An Algorand TypeScript program is declared in a TypeScript module with a file extension of .algo.ts. Declarations can be split across multiple files, and types can be imported between these files using standard TypeScript import statements. The commonjs require function is not supported, and the asynchronous import(...) expression is also not supported as imports must be compile-time constant.
Algorand TypeScript constructs and types can be imported from the @algorandfoundation/algorand-typescript module, or one of its submodules. Compilation artifacts do not need to be exported unless you require them in another module; any non-abstract contract or logic signature discovered in your entry files will be output. Contracts and logic signatures discovered in non-entry files will not be output.
Constants declared at the module level have a compile-time constant value or a template variable. Some basic expressions are supported so long as they result in a compile time constant.

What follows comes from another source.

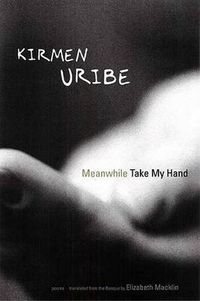 Cover image for Meanwhile Take My Hand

import { uint64 } from '@algorandfoundation/algorand-typescript'
const a: uint64 = 1000
const b: uint64 = 2000
const c: uint64 = a * b
Free subroutines can be declared at the module level and called from any contract, logic signature, or other subroutine. Subroutines do not have any compiler output on their own unless they are called by a contract or logic signature.
import { uint64 } from '@algorandfoundation/algorand-typescript'
function add(a: uint64, b: uint64): uint64 {
return a + b
}
A contract in Algorand TypeScript is defined by declaring a class which extends the Contract, or BaseContract types exported by @algorandfoundation/algorand-typescript. See ABI routing docs for more on the differences between these two options.

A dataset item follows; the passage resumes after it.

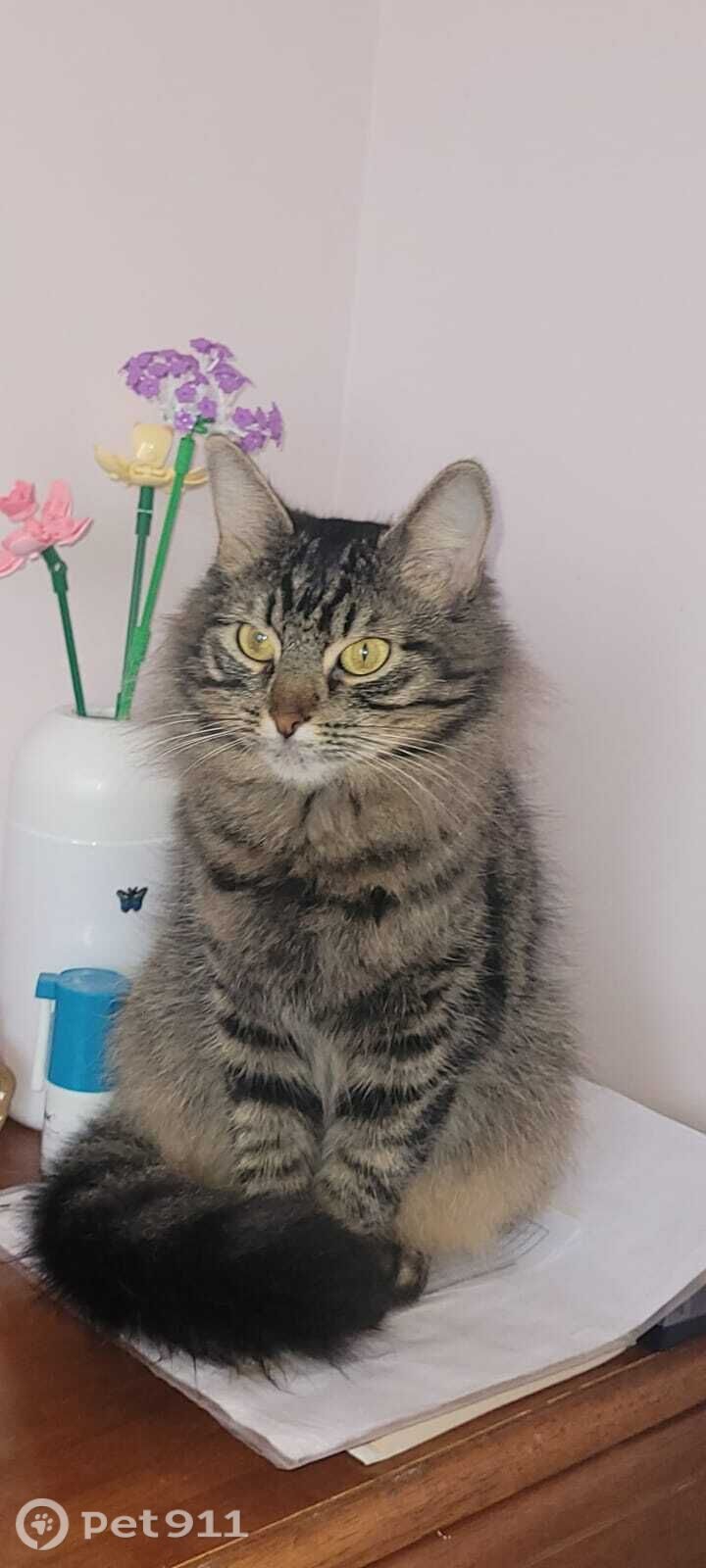 Пропала кошка в Ставрополе — фото объявления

Contracts which extend the Contract type are ARC4 compatible contracts. Any public methods on the class will be exposed as ABI methods, callable from other contracts and off-chain clients. private and protected methods can only be called from within the contract itself, or its subclasses. Note that TypeScript methods are public by default if no access modifier is present. A contract is considered valid even if it has no methods, though its utility is questionable.
import { Contract } from '@algorandfoundation/algorand-typescript'
class DoNothingContract extends Contract {}
class HelloWorldContract extends Contract {
sayHello(name: string) {
return `Hello ${name}`
}
}
The contract decorator allows you to specify additional options and configuration for a contract such as which AVM version it targets, which scratch slots it makes use of, or the total global and local state which should be reserved for it. It should be placed on your contract class declaration.
import { Contract, contract } from '@algorandfoundation/algorand-typescript'
@contract({ name: 'My Contracts Name', avmVersion: 11, scratchSlots: [1, 2, 3], stateTotals: { globalUints: 4, localUints: 0 } })
class MyContract extends Contract {}
There are two approaches to handling application lifecycle events. By implementing a well-known method (convention based), or by using decorators (decorator based). It is also possible to use a combination of the two however decorators must not conflict with the implied behaviour of a well-known method.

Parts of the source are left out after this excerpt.